Websites are tricky in that they give you the power to create anything and everything. Due to this, though, many feel neutered at such an expanse of potential. Where should you even begin? Should it be flashy? Does it need to have gimmicks or should it just be text? While no one can answer those questions except for you, other questions regarding what not to do are very clear and very concise. Save yourself time and money by learning from the mistakes of others.
1. You Don’t Have a Plan
Professionals rarely go in blind. Instead, they spend a lot of backend time researching and developing their plan of attack. This allows them to then enter into what would have been an unknown situation and flourish. Information is power, even when it comes to creating your new website.
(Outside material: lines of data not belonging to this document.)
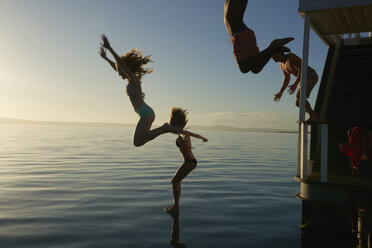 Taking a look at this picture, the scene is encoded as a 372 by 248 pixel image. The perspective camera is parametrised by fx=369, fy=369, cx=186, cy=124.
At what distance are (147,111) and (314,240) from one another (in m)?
3.44

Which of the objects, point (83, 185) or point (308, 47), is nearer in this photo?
point (308, 47)

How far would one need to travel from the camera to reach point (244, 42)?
411 cm

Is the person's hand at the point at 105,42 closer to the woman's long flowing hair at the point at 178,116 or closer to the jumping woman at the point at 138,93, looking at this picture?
the jumping woman at the point at 138,93

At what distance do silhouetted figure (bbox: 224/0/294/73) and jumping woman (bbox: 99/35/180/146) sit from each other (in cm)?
179

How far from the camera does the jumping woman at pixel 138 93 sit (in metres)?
5.62

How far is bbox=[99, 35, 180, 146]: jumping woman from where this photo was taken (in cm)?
562

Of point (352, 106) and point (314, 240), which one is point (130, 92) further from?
point (352, 106)

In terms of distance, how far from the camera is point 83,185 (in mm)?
11547

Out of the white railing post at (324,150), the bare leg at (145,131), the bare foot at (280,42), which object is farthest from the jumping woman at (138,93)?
the white railing post at (324,150)

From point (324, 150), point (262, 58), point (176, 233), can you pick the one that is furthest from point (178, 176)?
point (262, 58)

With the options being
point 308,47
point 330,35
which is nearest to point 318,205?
point 308,47

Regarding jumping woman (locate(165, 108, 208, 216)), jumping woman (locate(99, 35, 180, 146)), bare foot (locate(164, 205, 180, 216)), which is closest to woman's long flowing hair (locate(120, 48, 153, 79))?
jumping woman (locate(99, 35, 180, 146))

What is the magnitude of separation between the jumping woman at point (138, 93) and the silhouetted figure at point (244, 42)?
179 cm

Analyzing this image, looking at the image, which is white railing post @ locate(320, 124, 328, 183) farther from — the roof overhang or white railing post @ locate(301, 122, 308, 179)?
the roof overhang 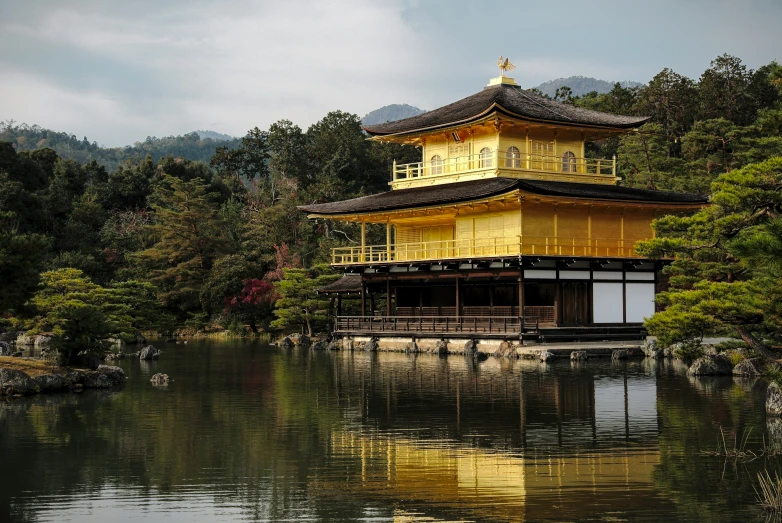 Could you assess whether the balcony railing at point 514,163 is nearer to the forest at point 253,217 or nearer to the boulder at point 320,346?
the forest at point 253,217

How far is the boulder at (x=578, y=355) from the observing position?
1309 inches

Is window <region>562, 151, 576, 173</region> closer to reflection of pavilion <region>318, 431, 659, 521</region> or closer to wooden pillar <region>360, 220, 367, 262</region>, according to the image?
wooden pillar <region>360, 220, 367, 262</region>

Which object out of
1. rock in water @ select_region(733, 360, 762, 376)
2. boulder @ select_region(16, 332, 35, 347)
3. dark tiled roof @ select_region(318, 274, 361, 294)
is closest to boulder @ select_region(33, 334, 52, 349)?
boulder @ select_region(16, 332, 35, 347)

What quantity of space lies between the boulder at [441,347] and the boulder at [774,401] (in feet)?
67.9

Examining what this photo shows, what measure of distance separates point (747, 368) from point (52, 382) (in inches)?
732

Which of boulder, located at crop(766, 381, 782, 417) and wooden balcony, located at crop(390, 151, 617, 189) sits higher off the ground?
wooden balcony, located at crop(390, 151, 617, 189)

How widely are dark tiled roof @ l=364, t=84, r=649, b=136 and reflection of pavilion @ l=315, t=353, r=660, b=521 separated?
57.9ft

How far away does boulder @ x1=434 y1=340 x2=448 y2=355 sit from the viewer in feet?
126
Why would you flounder around with content for your site when you could have it already developed and ready to post? Sculptors aren’t given chunks of marble and asked to “wing it,” so why would you get a website and try to come up with good content on the fly? Just because you have a domain name doesn’t mean you’ll automatically inspire a retinue of visitors. Know what your competition is up to, see how they interact with their visitors, understand website add-ons that increase value and those that detract, and otherwise research as much as you can so that you are ready to launch as soon as the design is settled.
2. You Don’t Hire a Professional
3. You Don’t Choose the Right Web Host
There are many types of web hosting available to you be they free or paid. If free, they’ll no doubt have the company’s name attached (yoursite.weebly.com). If paid, you’ll have almost total control over the site’s address as well as content. That being said, one is not necessarily better than the other just because you’ll have your own domain name. If you plan on running a heavy ecommerce business, for instance, it will serve you well to research web hosting services with well-regarded and highly-rated ecommerce solutions. Places like Etsy are great solutions for products that don’t give you your own domain but do give you a solid, tested and respected means of doing business online when goods are involved. Customers have multiple payment methods while you have multiple means of helping them with things like returns or refunds.
4. You Aren’t Mobile Friendly
As it currently stands, 46% of all users browse the Internet using strictly their phones. This percentage continues to increase as more casual users are added to the statistic. In short, if your website is not mobile friendly, you are severely muting your reach thereby severely stunting your potential to grow. Luckily, most web hosts have built-in mobile integration that is optimized for use on phones. However, if yours isn’t, it’s time to either figure out how to make your current site friendly for phones or to move to another host altogether. You only have five seconds to impress new visitors. If it takes five seconds to load a website, you’ve lost them before they were ever even exposed to your information.
5. You Don’t Balance
All great websites are an equal balance of design and message. Too much of either is a bad thing. Take blogs, for instance. Though designed to be mostly words, there has to be some sort of design in place as a way to visually entrance visitors that stop by for a quick peek at what you’re offering. If there is too much message, the words will scare away all those that aren’t fans of reading through a mire of vocabulary that may or may not give them the information they’re in search of. On the other hand, too much design means your visitors will never be able to figure out where the pertinent information actually is. Though gimmicks are cute because they are new, forcing your visitors to click on more than one thing to find your address or your email virtually guarantees over half of them will simply give up and head to your competitor’s site where the information is easy to obtain.
From beginning to end, websites are veritable blank canvases where anything you dream can be made real. That being said, not all of your virtual dreams are good ideas. Keep your design open and implement decisions based on the mistakes of others as a way to save time and money. Why would you repeat a proven, failed idea instead of accepting the wisdom and using that time, instead, to try out new innovations? Treat your site with respect, and it will yield the type of success you’re looking for.